Thursday, May 9, 2019

China's Cultural Revolution Timeline

Using your printed timeline, complete the following:


  • Read the timeline and annotate
  • Mark what you think are the three most important events with an asterisk (*)
  • Answer the following on the back of the timeline in complete sentences:

    1. What were Mao’s goals for the Cultural Revolution?
    2. What were some of the outcomes of the Cultural Revolution?
    3. Based on the timeline, why might teenagers have supported the Cultural Revolution?



Next, create a visual timeline on a google slide or drawing.  Choose 7 of the 9 events from the timeline.  Put them in order.  Add an image that represents each event.

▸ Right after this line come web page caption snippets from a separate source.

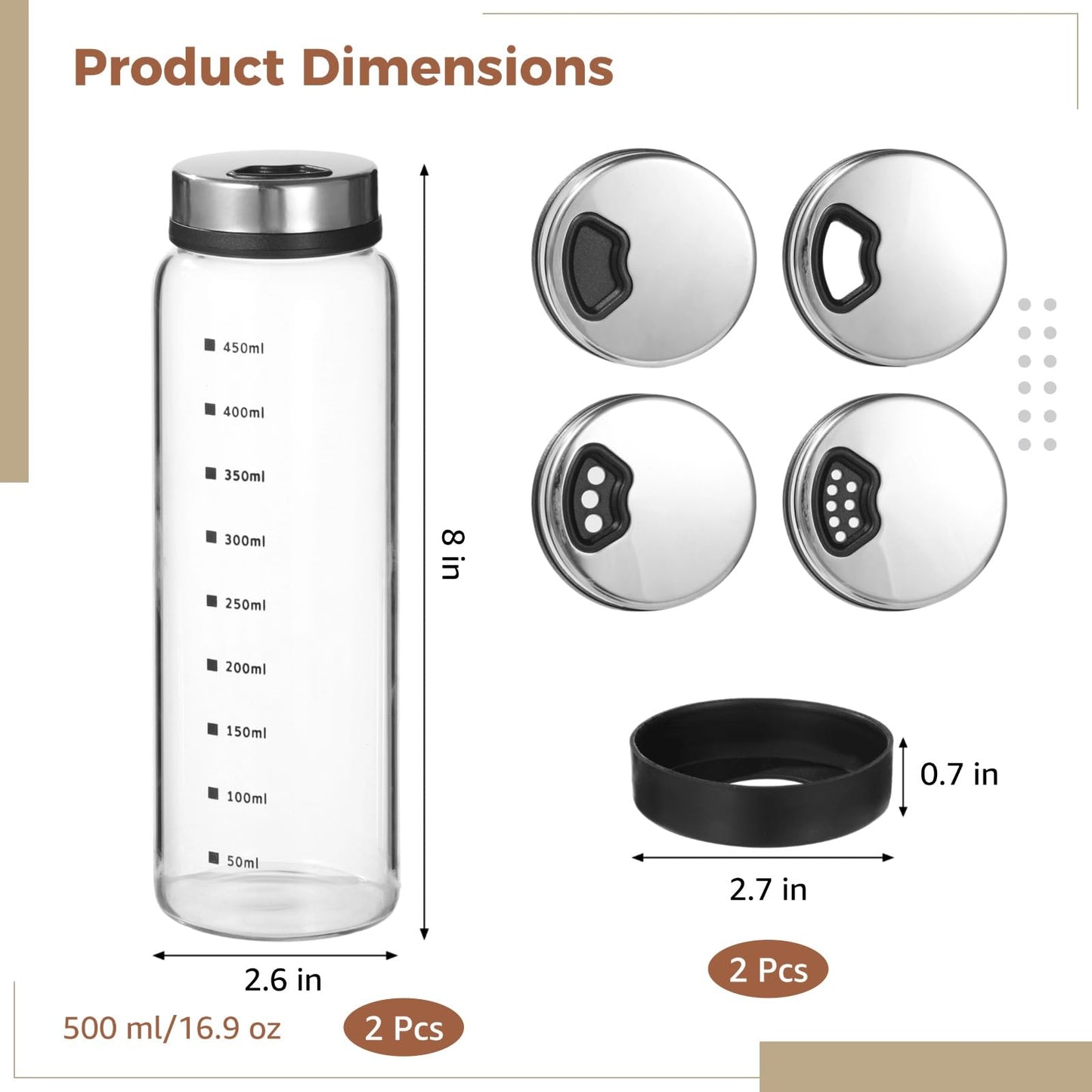 2 Pcs Large Salt and Pepper Shakers, 500ml Glass Spice Bottles with Adjustable Pour Holes, Spice Dispensers with Non-Slip Silicone Bases, Seasoning Jars with Rotating Steel Lids for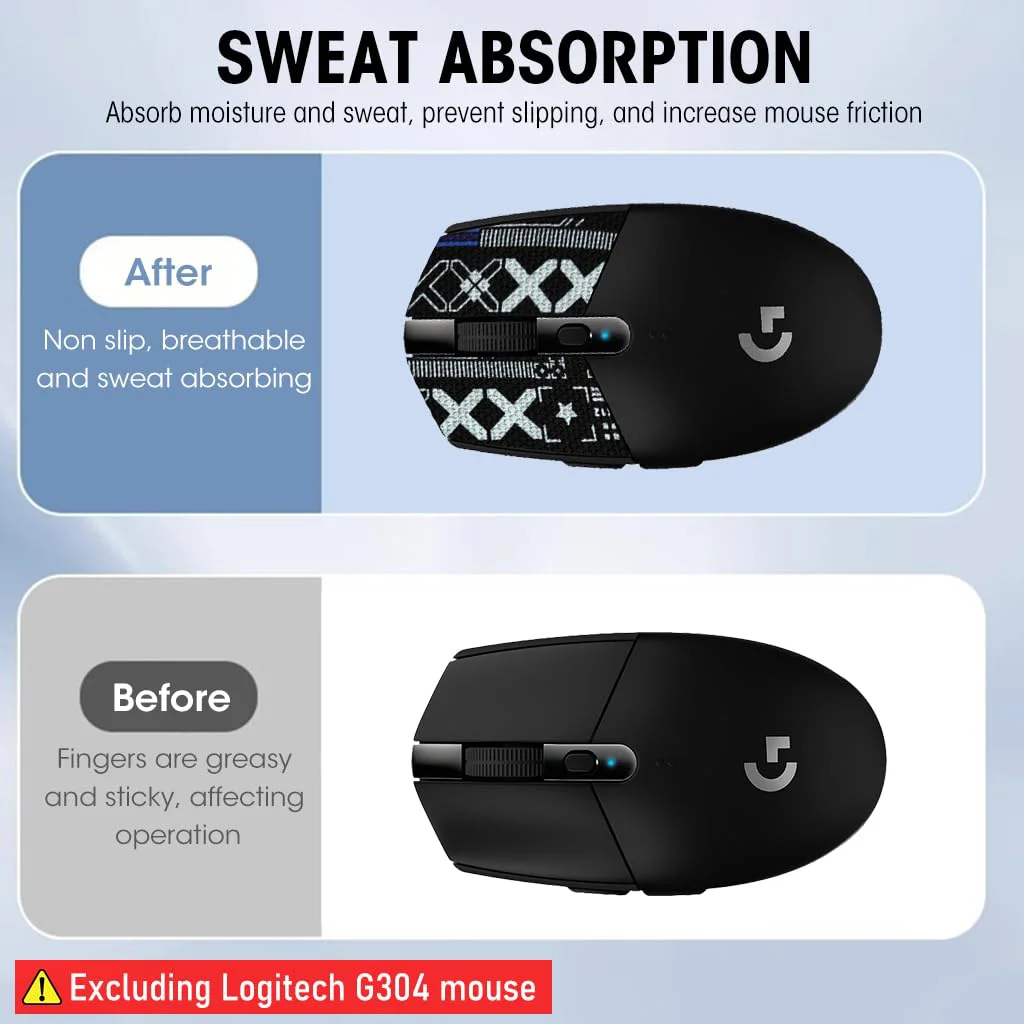 Verilux® Mouse Grip Tape for Lo gitech G102/G304 Gaming Mouse Skin, Pre-Cutted Self-Adhesive Mouse Grip Tape Sweat-Proof Fashion Pattern Mouse Grip Tape (Mouse is NOT Included) - image 4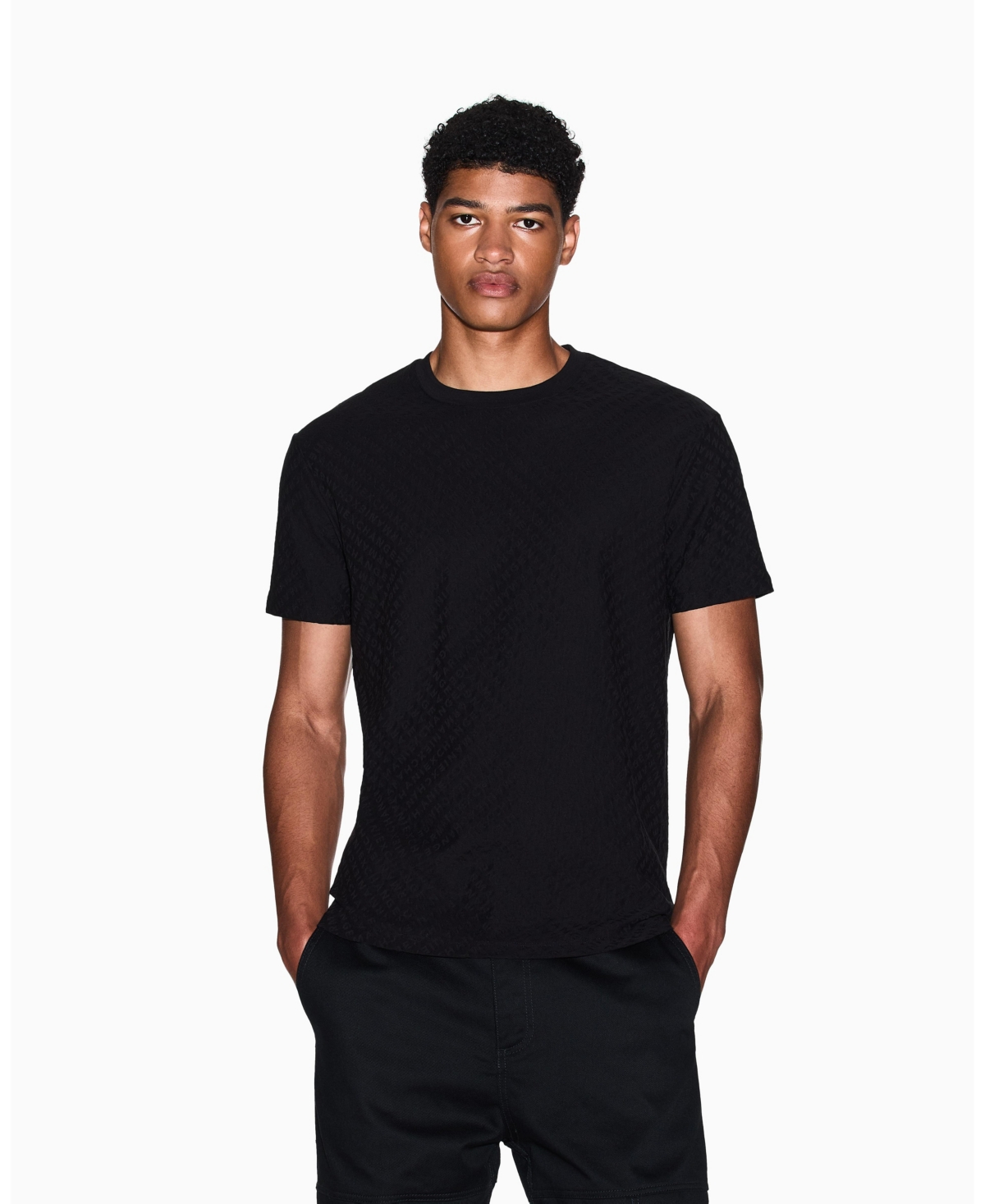 A|X Armani Exchange Men's Mercerized Jacquard Allover Logo T-Shirt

October 1949:       Mao declared victory in the Communist revolution and established the People’s Republic of China.
May 1966:             Articles in the state controlled papers introduced the idea of a “Cultural Revolution.”
Red Guard groups, made up of Chinese youth, emerged throughout China.
Aug. 1966:            Mao officially launched the “Cultural Revolution” with a speech at the Chinese Communist Party.
Oct. 1966:             Mao called for the Red Guards to destroy the “Four Olds”: old customs, old culture, old habits, and old ideas.
Jan. 1967:             Red Guards achieved the overthrow of provincial party committee officials and replaced them with radicals.
Feb. 1967:             Top-level Communist Party officials called for an end of the Cultural Revolution, but Mao continued to support it.
Summer 1967:      Mao replaced pre-Cultural Revolution party officials with radicals who supported the revolution.
1968:                     On Mao’s orders, the Red Guards were broken up in the “rustification movement,” where individual teenagers were “sent down” to villages throughout China to “learn from the peasants.”
April 1969:            Mao declared “victory” of the Cultural Revolution and supported Lin Biao as his new successor.